▶ **Dataset content**

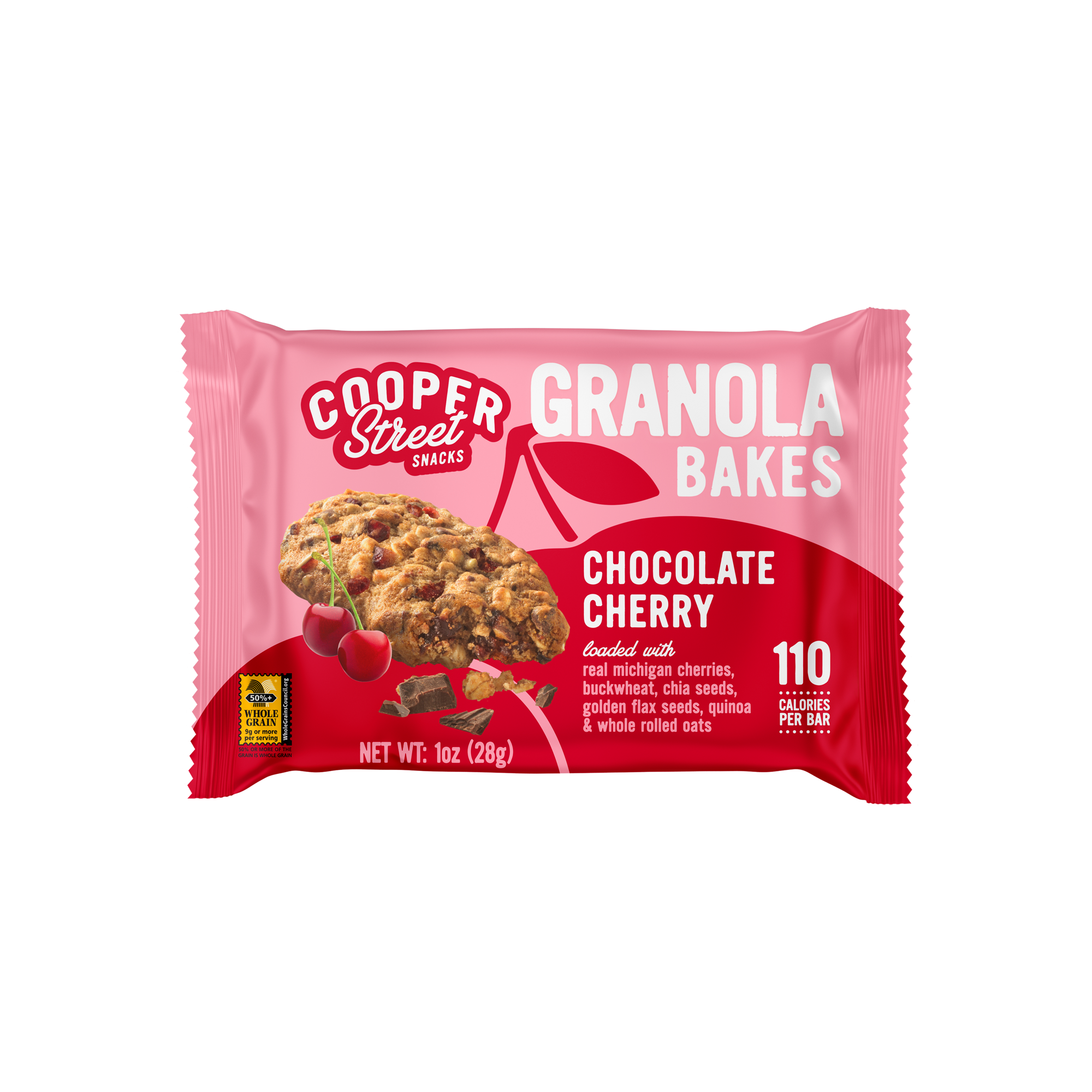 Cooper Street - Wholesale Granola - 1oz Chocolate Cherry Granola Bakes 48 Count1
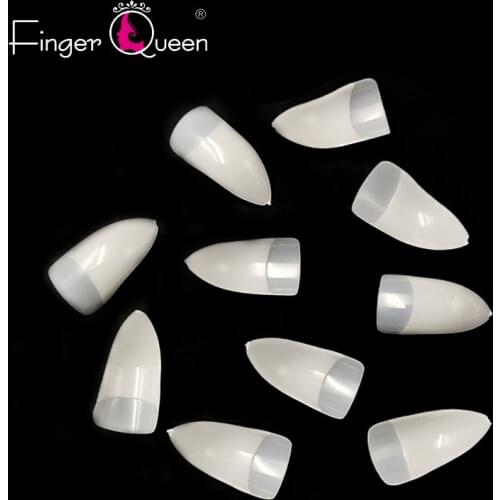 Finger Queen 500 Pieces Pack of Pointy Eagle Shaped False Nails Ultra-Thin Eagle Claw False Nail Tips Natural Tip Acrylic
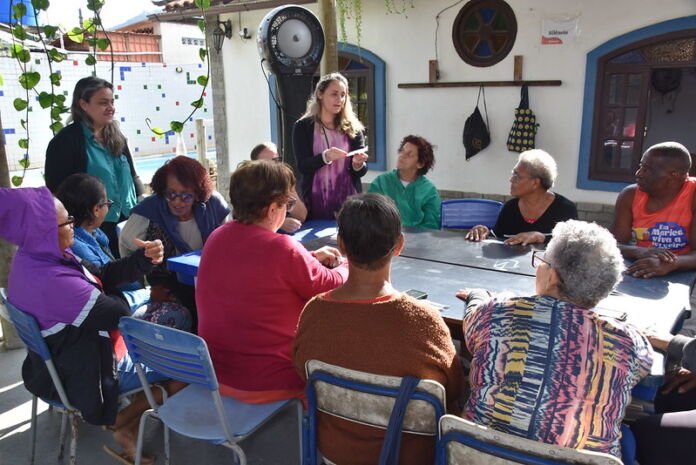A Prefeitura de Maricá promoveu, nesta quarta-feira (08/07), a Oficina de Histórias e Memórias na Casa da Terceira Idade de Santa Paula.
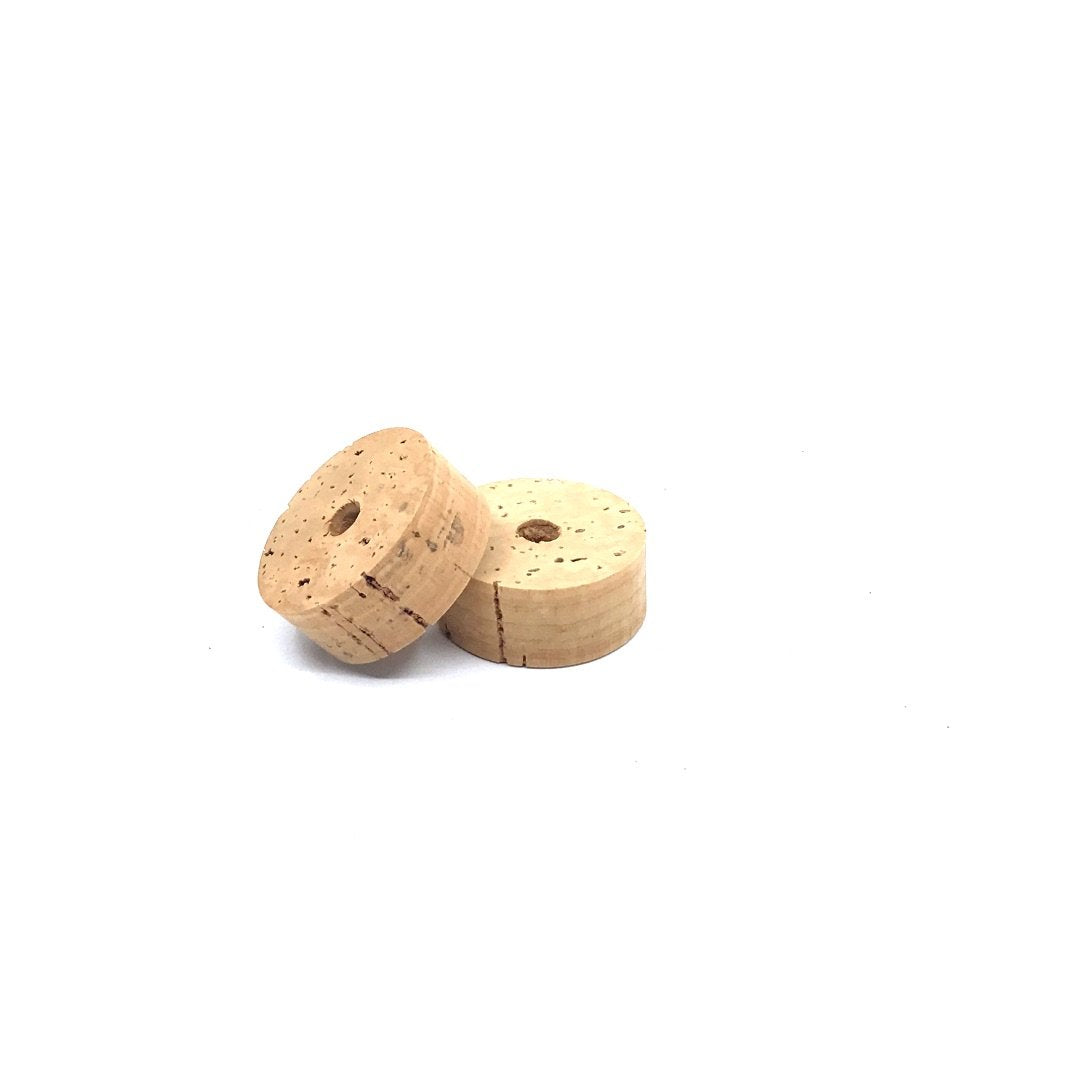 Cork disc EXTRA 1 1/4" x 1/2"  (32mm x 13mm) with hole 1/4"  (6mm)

▶ **What the task requires**
Beginning with the line that holds "Finger Queen 500" and ending with the last line of the material above, extract every line exactly, pictures excluded.

▶ **Result for this exercise**
 Finger Queen 500 Pieces Pack of Pointy Eagle Shaped False Nails Ultra-Thin Eagle Claw False Nail Tips Natural Tip Acrylic
A Prefeitura de Maricá promoveu, nesta quarta-feira (08/07), a Oficina de Histórias e Memórias na Casa da Terceira Idade de Santa Paula.
 Cork disc EXTRA 1 1/4" x 1/2"  (32mm x 13mm) with hole 1/4"  (6mm)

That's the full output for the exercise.